Even though a few of the test predators attempted to attack or eat the ant, none of the animals succeeded except for the toad who then immediately stopped breathing shortly and refused any further ants.

It appeared that one encounter with the ant was enough to keep the predators away. When the shrews tried to eat the velvet ants, its smelly excretions were enough to keep the shrews uninterested.
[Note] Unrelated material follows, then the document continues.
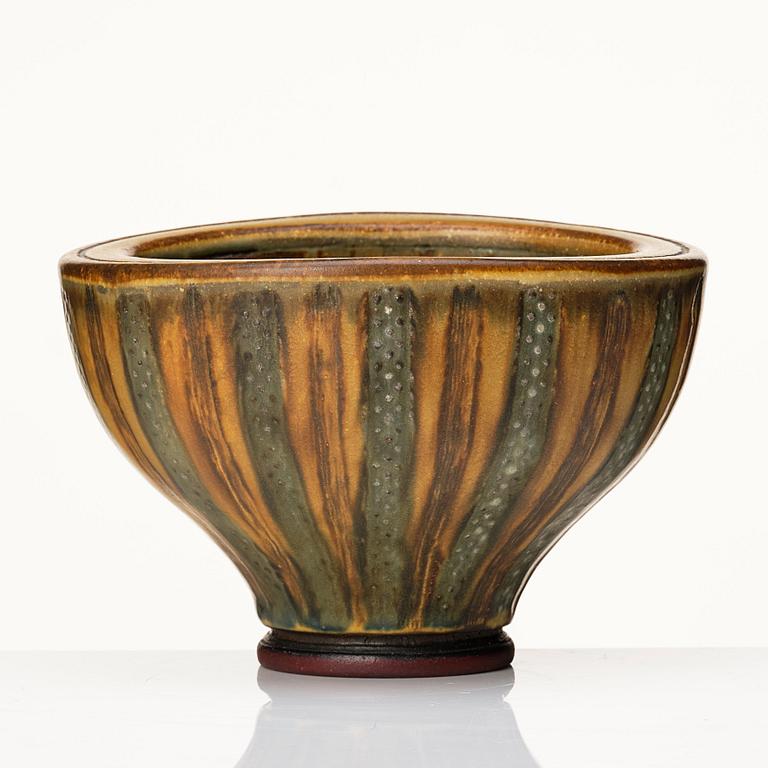 Wilhelm Kåge, a stoneware 'Farsta' bowl, Gustavsberg Studio, Sweden 1959.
“The research shows how a suite of defenses is almost always stronger than a single defense, even a single defense that is exceedingly powerful,” Justin Schmidt, an entomologist at the University of Arizona who was not involved in this study, told the Daily Mail.

In the study, a mole that tried to the eat the wasp was stung and according to the researchers started thrashing about.

Brian Gall, a member of the Hanover research team told New Scientist that the velvet ants defenses evolved to match their hunting patterns.

Gall also explained that the ant walks on the ground and is visible during the day so a series of impenetrable defense mechanisms is crucial for the insect’s survival.

In the velvet ant’s case, its defenses are so effective that it appears no predators are able to surpass them.